In a blistering opinion, the U.S. Court of Appeals for the Eleventh Circuit (Alabama, Florida, and Georgia) has ruled in Florida v. Dept. of  Health and Human Services that the individual mandate in the 2010 Affordable Care Act (commonly known as “Obamacare”) unconstitutional.  

This decision moves Obamacare one step closer to the Supreme Court, setting the stage for an inevitable showdown over the scope of the federal government’s powers.  If the law is ultimately overturned, the Founders’ vision of a federal government of limited and enumerated powers will remain in effect.  If Obamacare is upheld by the high court, no constitutional bar will remain to prevent progressive transformation of the national economy into a European-style social democracy, with individual liberty as the price.

The government argued that Congress’ power to mandate Americans purchase private health insurance was granted by the Constitution’s Commerce Clause (“to regulate Commerce . . .among the several States”) and in its power “[t]o lay and collect Taxes.” 

The plaintiffs (26 states, two individuals, and the National Federation of Independent Business) challenged the constitutionality of the individual mandate.  The majority upheld the district court’s finding that the individual mandate was unconstitutional: “The government’s position amounts to an argument that the mere fact of an individual’s existence substantially affects interstate commerce, and therefore Congress may regulate them at every point of their life.”

The court stated that though the decision not to buy a good or a service may affect commerce, it is a “facile conclusion” that Congress may therefore regulate the decision not to buy something as part of its Commerce Power.

“The federal government’s assertion of power, under the Commerce Clause, to issue an economic mandate for Americans to purchase insurance from a private company for the entire duration of their lives is unprecedented, lacks cognizable limits, and imperils our federalist structure.. . That an economic mandate to purchase insurance from a private company is an expedient solution to pressing public needs is not sufficient.”

The majority also dismissed the government’s argument that the individual mandate is a tax, and therefore constitutional:

“It is not surprising to us that all of the federal courts, which have otherwise reached sharply divergent conclusions on the constitutionality of the individual mandate, have spoken on this issue with clarion uniformity.

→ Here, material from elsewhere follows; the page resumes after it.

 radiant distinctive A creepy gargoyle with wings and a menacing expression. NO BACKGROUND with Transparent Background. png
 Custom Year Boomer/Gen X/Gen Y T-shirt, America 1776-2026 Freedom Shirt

Beginning with the district court in this case, all have found, without exception, that the individual mandate operates as a regulatory penalty, not a tax.”

However, the circuit court reversed the district judge’s ruling that the lack of a severability clause meant that since one component of the law was unconstitutional, it poisoned the entire law and made it unconstitutional.  The court held that most of the new law’s provisions had nothing to do with the individual mandate.  The court effectively severed the individual mandate provisions from the rest of Obamacare, allowing the rest of the Affordable Care Act to stand.

The question of the individual mandate’s constitutionality is currently on appeal in one additional circuit. The Fourth Circuit (Maryland, North Carolina, South Carolina, Virginia and West Virginia) heard oral arguments earlier this year in Virginia v. Sebelius on the constitutionality of the individual mandate, but has not yet issued a ruling.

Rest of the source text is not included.